DENVER - A bartender turned minister is reaching out to those living on the streets of Denver. This 7Everyday Hero tending to those often forgotten in Denver's Civic Center Park.
"You know our story, right? Every day at noon straight up. We're here every single day. So, if your travels take you by here and see us," said Rev. Jerry Herships to a passerby.
In the shadow of our State Capitol, as hundreds of Coloradans drive by, there is a ministry that pauses to lift up the less fortunate.
"This is After Hours Denver, a concept of the United Methodist Church," said Herships.
After Hours Denver is an alternative ministry, a ministry that goes to the people.
They meet in area bars to have casual conversations about God, love and hope. And every day at noon they are at Denver's Civic Center Park passing out everything but judgment.
"We're going to have food, coats, backpacks, sleeping bags, all kinds of awesome stuff. So, it'll be really cool. Thanks for being here guys," Herships tells a crowd gathered.
The Reverend Jerry Herships leads After Hours Denver. Before becoming ordained he was an entertainer, a comedy writer and a bartender. So, he laughed when his pastor suggested the ministry.
"And to his credit he said: 'Maybe you're just the right guy. Maybe we need some folks who are just human and regular and admit they're just a train wreck most days,'" said Herships while laughing.
"Jerry is the most wonderful, giving man for a recovering comedian," said Don, a fellow volunteer.

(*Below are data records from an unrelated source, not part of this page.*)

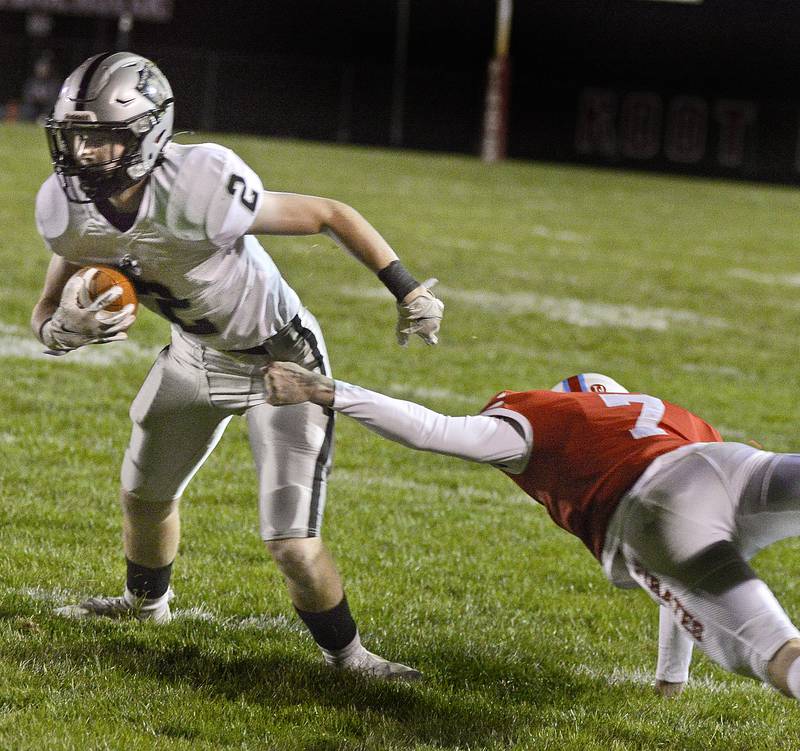 Ottawa's Dillan Quatrano attempts a one handed grasp to stop Kaneland's Johnny Spallasso on a run in the 1st quarter Friday at Ottawa on Oct 14, 2021.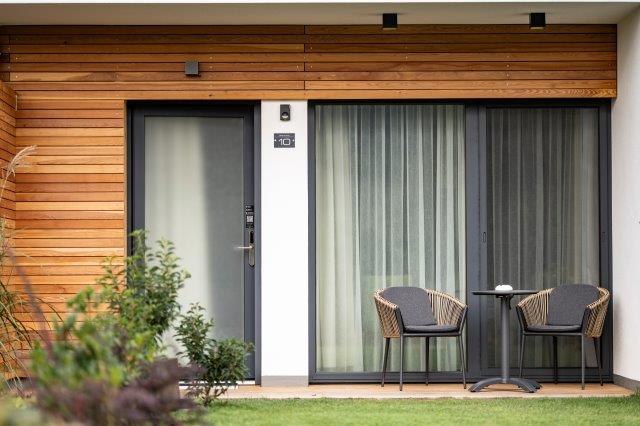 Modern terasz két székkel és asztallal egy vendégház előtt.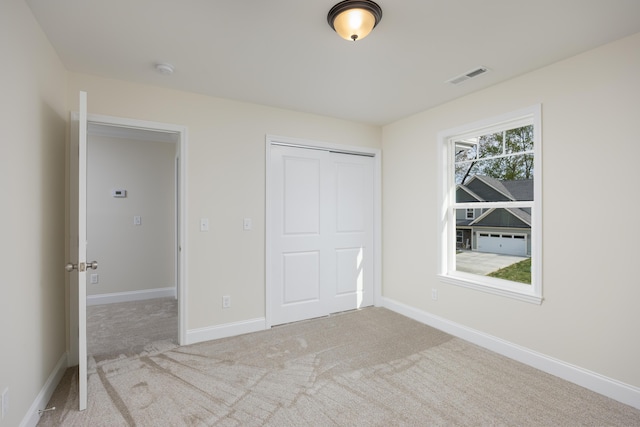 unfurnished bedroom with visible vents, baseboards, a closet, and carpet flooring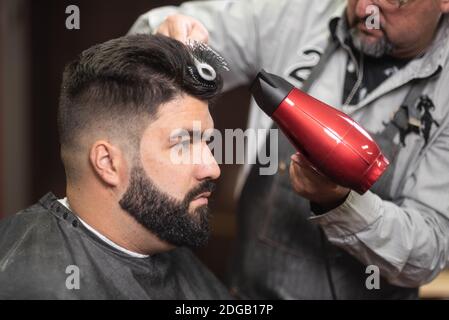 Close up view of master barber doing hairstyle with hairdryer at barber shop. Stock Photo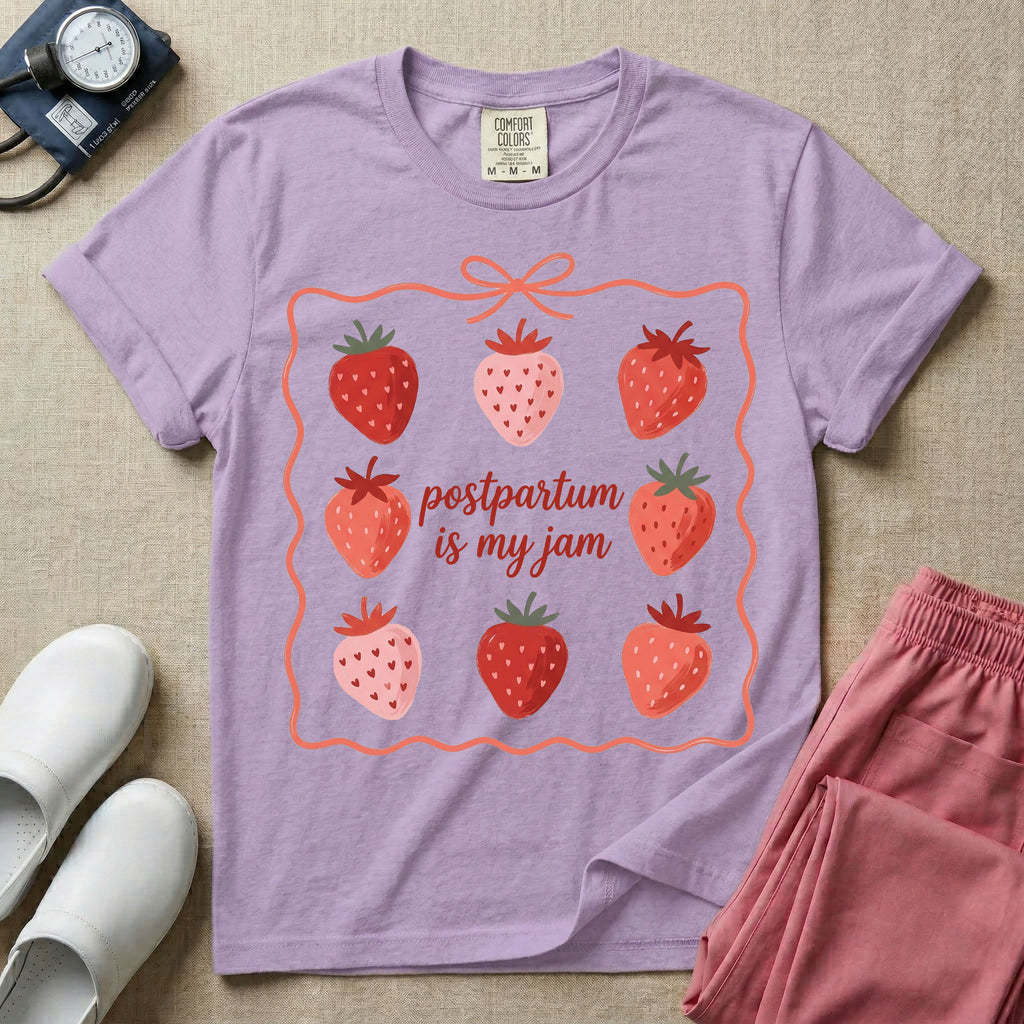 A funny and cute postpartum nursing t-shirt featuring the pun text "postpartum is my jam" surrounded by a graphic of red and pink strawberries, enclosed in a decorative wavy border with a bow at the top.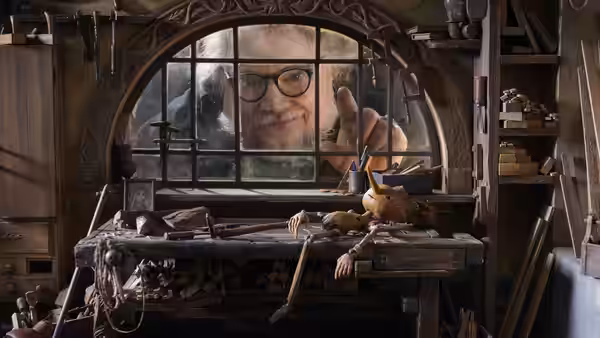 Geppetto (David Bradley) peering through the window of his wooden workshop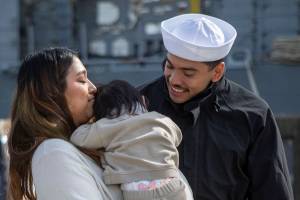 Left to right, Saharah Mendoza, Cielo Mendoza and Octavio Mendoza, reunite in Everett, Washington on Friday, March 17, 2023. The USS Barry arrived to its new homeport at Everett Naval Station, previously from Yokosuka, Japan. The crew is led by Commanding Officer, Cmdr. Grant Bryan. (Annie Barker / The Herald)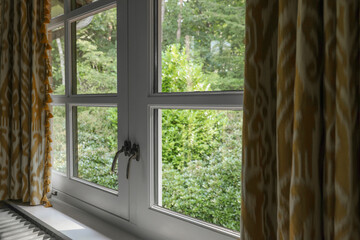 Old fashioned window with beautiful curtains in room. Interior design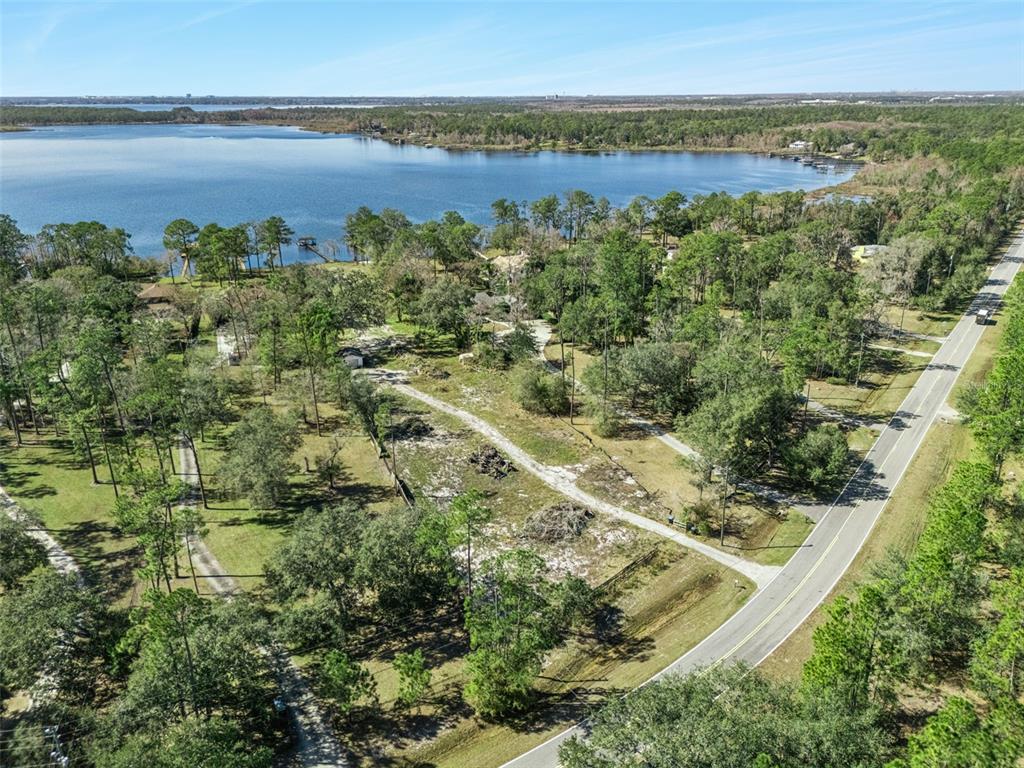12518 Lake Mary Jane Road Orlando, FL 32832 - Photo 29 of 33 a view of a lake with a city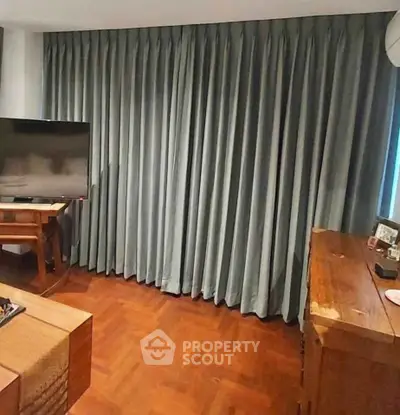 Cozy living room with elegant curtains and wooden furniture, perfect for relaxation.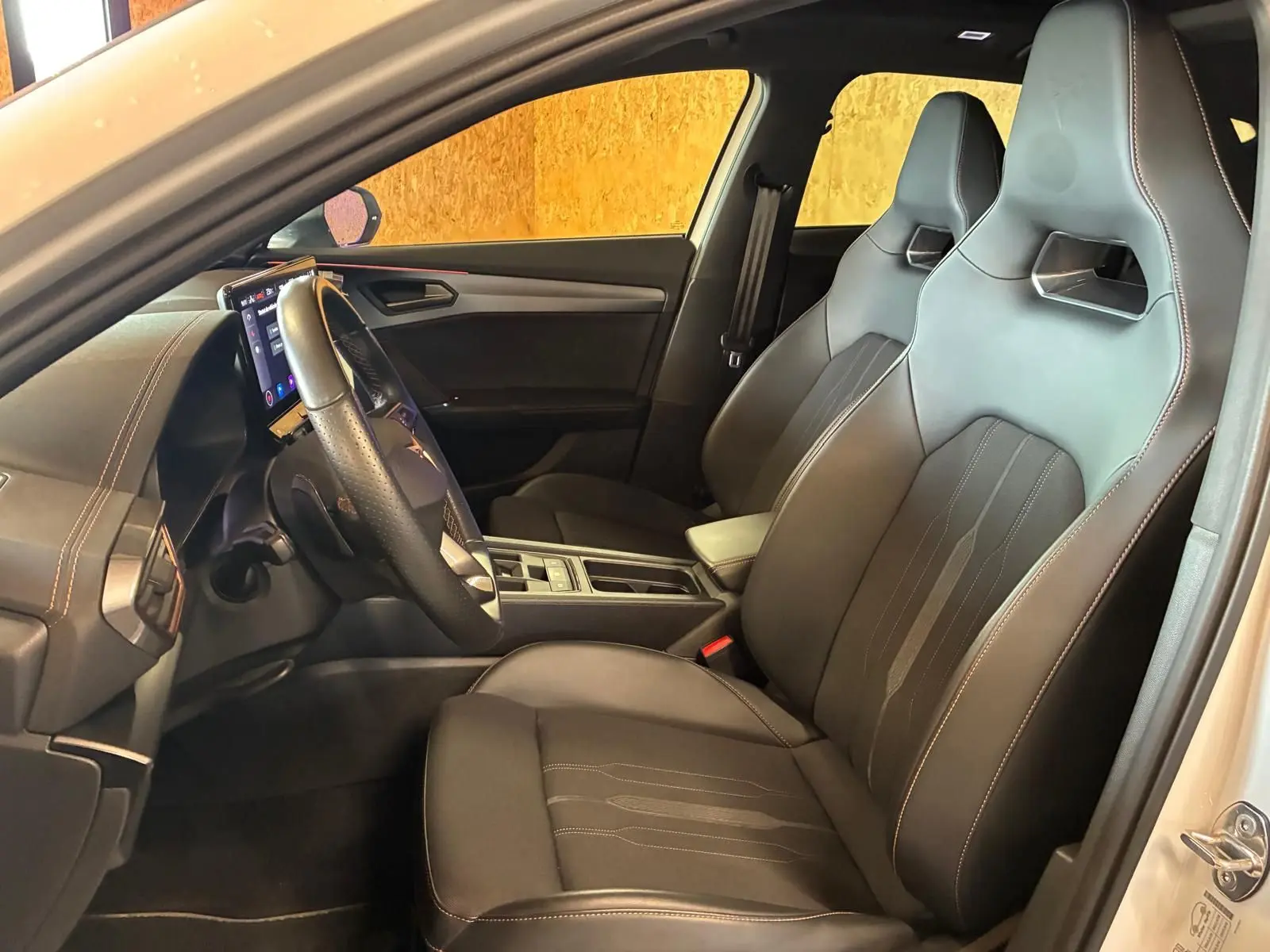 Vue intérieure côté conducteur de la CUPRA Formentor gris 2024, sièges sport en tissu noir avec surpiqûres contrastées.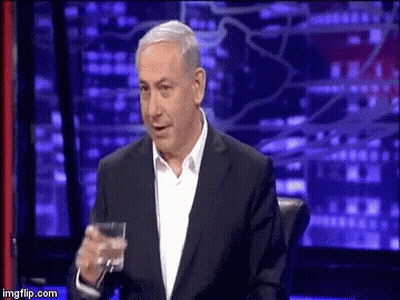 Man In Suit Holding Glass Of Water GIF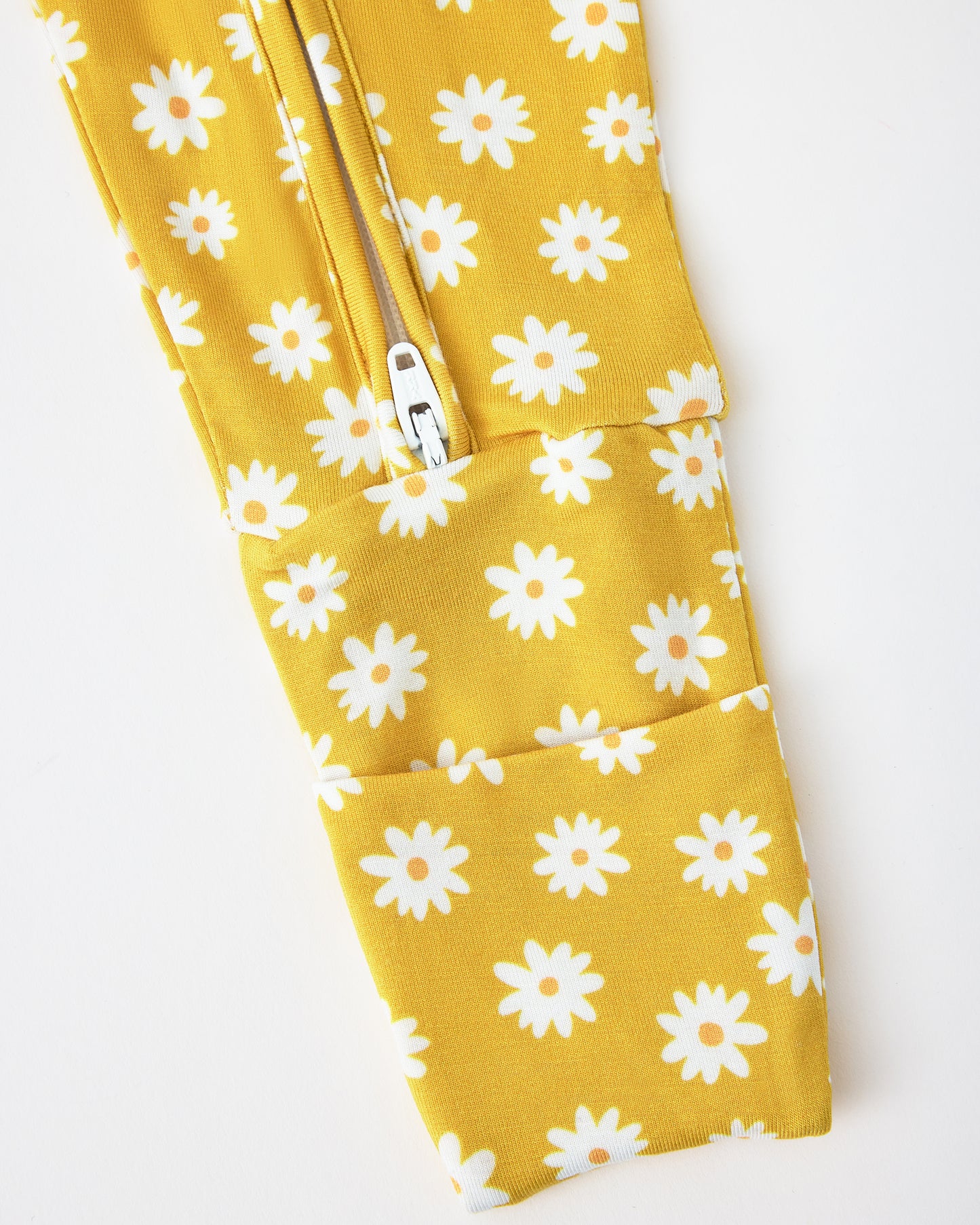 Close up of pant zipper detail of Bamboo Baby Pajama in Yellow Daisies on a beige background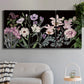 Three-panel canvas wall art featuring early spring blossoms in soft tones, displayed in a modern living room above a sofa.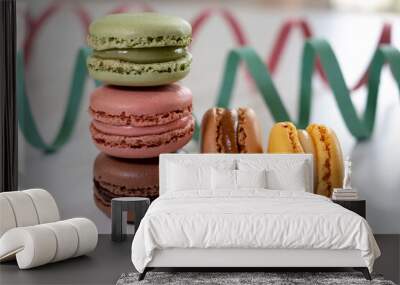 Close up of different pastel colored macaron cakes filled with cream. Culinary and cooking concept. Tasty colorful macarons Wall mural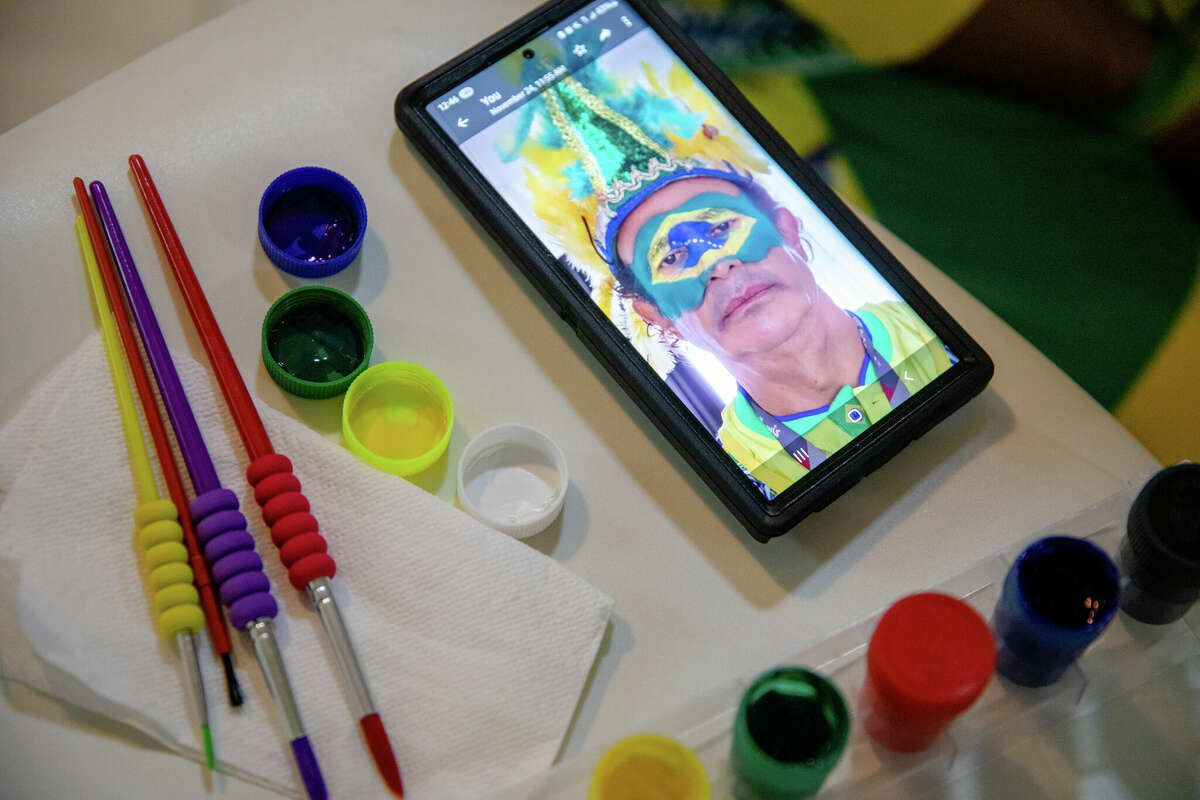 A picture on Brazilian Wallace Leite's phone shows how he wants his face paint to be drawn before the Brazil and Switzerland World Cup game in Doha, Qatar on November 28, 2022.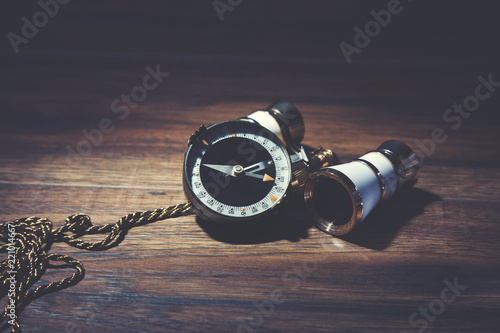 Binocle with compass on wooden background photo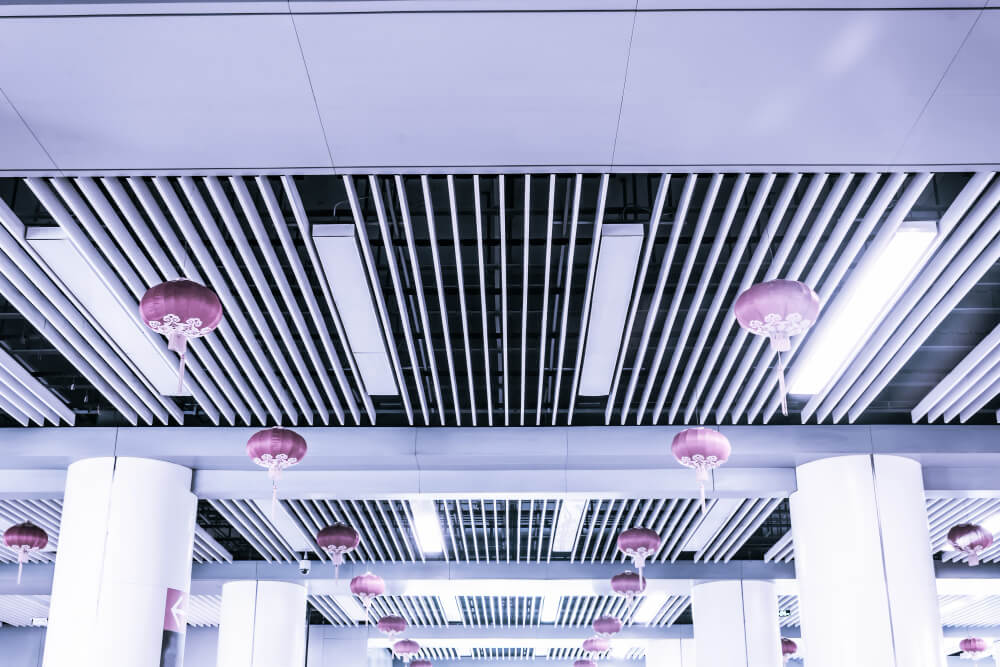 Professional ceiling system installed in a commercial space to enhance acoustics, improve workflow comfort, and support modern design needs.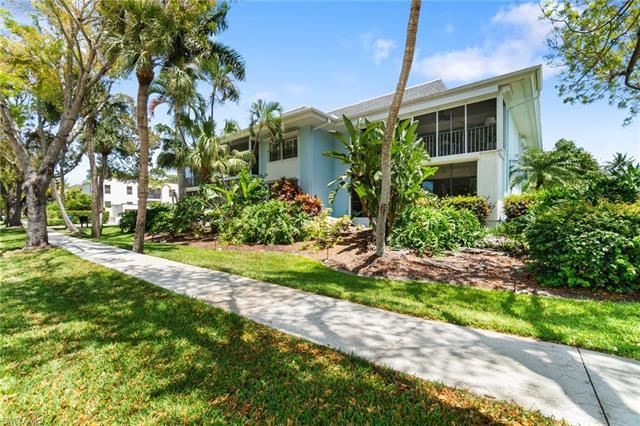Charming Downtown Old Naples Location! This first-floor corner end unit is flooded with natural ligh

"People like Jerry, we need more of them. You know, everyday heroes. You see he's dedicated his life to make a difference of those less fortunate," said Tyron, a fellow volunteer.
While the After Hours effort is faith based, Herships has attracted volunteers from all walks of life because, he says, everyone understands hunger.
"We've got people in our group with are agnostic who are like 'I'm not real sure where I stand on God', but I know I want to help people," said Herships.
"They've helped me get back on my feet, working again. And they just helped me with a pair of boots so I can go out there and shovel snow and make some extra money," said Paul.
"It is something to keep people out of trouble. We appreciate Jerry and the churches that help out immensely," said Clark.
Jerry Herships has helped turn an idea into a movement involving a wide range of volunteers, who together, provide 500 meals a week.
"We feel great, they feel great, people are getting a little bit of food, they're treated with dignity. You know, that's not a bad day's work. That's pretty good. You could do worse than that," said Herships.